Task brief:
Each line below containing the word "online" needs to be shown.

Short text fragments from websites
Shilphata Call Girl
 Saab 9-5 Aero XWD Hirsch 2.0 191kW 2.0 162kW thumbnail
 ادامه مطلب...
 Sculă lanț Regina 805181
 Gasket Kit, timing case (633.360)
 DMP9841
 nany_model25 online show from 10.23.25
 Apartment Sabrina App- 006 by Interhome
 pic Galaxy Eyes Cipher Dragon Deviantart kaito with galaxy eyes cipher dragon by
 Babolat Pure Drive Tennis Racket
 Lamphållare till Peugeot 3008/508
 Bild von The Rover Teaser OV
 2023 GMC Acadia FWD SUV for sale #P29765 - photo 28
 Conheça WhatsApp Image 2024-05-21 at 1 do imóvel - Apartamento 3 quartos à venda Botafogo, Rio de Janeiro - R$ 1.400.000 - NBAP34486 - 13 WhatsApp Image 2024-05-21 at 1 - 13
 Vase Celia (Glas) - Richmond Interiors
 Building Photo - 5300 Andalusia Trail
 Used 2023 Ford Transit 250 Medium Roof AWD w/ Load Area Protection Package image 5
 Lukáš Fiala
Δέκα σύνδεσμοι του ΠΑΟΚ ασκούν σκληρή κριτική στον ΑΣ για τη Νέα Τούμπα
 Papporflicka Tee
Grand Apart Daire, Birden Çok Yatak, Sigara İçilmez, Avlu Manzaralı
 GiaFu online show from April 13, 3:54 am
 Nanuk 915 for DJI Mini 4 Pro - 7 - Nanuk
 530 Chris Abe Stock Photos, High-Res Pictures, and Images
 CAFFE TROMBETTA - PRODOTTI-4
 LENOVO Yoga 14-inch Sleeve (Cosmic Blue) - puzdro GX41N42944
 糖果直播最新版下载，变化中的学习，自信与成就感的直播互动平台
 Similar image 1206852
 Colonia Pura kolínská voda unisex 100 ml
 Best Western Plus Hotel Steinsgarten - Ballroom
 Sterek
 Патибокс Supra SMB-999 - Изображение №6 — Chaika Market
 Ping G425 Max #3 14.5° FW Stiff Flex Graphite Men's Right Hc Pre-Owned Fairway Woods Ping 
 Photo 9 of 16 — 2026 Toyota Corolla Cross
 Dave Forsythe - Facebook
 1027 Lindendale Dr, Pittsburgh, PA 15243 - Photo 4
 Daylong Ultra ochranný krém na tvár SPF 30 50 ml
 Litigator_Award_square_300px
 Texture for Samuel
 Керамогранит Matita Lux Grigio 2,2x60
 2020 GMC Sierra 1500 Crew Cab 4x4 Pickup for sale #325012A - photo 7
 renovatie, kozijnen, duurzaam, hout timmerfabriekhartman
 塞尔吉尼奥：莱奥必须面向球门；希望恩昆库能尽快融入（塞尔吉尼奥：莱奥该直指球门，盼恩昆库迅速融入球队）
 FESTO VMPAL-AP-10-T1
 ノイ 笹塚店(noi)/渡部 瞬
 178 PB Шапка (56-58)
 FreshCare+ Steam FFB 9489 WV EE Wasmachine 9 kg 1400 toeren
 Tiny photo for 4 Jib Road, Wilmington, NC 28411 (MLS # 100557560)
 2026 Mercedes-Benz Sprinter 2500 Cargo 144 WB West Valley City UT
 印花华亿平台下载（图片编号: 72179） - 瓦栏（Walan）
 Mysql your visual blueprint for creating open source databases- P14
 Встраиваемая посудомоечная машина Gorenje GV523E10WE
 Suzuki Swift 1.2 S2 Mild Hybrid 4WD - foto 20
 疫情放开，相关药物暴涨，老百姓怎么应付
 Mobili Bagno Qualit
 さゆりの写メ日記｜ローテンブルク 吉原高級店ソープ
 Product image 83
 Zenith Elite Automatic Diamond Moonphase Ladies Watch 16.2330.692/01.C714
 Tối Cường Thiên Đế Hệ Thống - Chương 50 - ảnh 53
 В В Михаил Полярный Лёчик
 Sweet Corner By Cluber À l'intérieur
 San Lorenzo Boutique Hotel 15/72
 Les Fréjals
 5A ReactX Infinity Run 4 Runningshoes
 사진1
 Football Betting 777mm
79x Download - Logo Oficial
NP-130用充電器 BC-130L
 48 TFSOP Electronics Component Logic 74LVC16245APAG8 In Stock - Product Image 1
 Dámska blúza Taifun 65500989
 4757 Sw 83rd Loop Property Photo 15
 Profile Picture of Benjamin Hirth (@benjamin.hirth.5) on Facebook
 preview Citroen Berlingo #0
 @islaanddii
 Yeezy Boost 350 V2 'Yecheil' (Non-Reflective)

Task answer:
 nany_model25 online show from 10.23.25
 GiaFu online show from April 13, 3:54 am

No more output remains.